### Extracted data
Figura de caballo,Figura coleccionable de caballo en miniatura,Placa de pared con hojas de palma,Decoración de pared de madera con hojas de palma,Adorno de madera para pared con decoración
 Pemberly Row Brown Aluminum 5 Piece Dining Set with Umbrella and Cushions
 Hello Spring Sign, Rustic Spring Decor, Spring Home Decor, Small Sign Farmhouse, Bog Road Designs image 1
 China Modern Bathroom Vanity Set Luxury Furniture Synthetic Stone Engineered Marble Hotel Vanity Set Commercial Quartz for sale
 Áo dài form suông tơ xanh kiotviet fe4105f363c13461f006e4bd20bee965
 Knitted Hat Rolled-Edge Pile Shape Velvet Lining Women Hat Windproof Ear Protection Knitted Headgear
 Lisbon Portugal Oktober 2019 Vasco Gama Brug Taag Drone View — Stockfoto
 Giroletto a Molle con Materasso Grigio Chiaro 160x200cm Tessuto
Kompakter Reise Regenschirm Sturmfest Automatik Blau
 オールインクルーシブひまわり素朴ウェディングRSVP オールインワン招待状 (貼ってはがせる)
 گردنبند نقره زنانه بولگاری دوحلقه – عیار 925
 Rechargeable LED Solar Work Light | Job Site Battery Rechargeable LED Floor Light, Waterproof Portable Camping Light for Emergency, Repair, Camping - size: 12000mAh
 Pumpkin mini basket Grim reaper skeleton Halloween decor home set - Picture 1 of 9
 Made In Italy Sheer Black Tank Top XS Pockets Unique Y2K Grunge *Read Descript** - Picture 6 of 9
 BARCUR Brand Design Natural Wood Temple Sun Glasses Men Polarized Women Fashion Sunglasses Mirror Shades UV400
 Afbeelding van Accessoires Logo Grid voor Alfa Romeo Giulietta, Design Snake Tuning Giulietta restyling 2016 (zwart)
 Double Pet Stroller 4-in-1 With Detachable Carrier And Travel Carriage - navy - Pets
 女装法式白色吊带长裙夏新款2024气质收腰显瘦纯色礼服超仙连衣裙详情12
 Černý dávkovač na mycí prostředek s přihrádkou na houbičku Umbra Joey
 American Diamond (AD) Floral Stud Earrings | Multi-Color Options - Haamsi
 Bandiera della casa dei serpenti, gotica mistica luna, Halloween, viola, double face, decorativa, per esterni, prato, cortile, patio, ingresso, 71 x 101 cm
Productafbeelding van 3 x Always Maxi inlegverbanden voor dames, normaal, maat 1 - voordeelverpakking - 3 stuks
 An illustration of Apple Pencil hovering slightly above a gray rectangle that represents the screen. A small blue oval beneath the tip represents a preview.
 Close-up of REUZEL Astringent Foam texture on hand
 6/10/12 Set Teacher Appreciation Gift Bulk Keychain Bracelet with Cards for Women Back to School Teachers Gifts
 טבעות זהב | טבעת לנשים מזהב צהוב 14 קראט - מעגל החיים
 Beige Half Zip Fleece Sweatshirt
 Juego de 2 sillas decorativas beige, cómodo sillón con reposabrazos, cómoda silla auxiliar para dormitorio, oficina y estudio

### What is needed
Scan the records above for the lines holding "Productafbeelding van 3" and "An illustration of". Transcribe those two and every line between them word for word, and no others.

### Output for this task
Productafbeelding van 3 x Always Maxi inlegverbanden voor dames, normaal, maat 1 - voordeelverpakking - 3 stuks
 An illustration of Apple Pencil hovering slightly above a gray rectangle that represents the screen. A small blue oval beneath the tip represents a preview.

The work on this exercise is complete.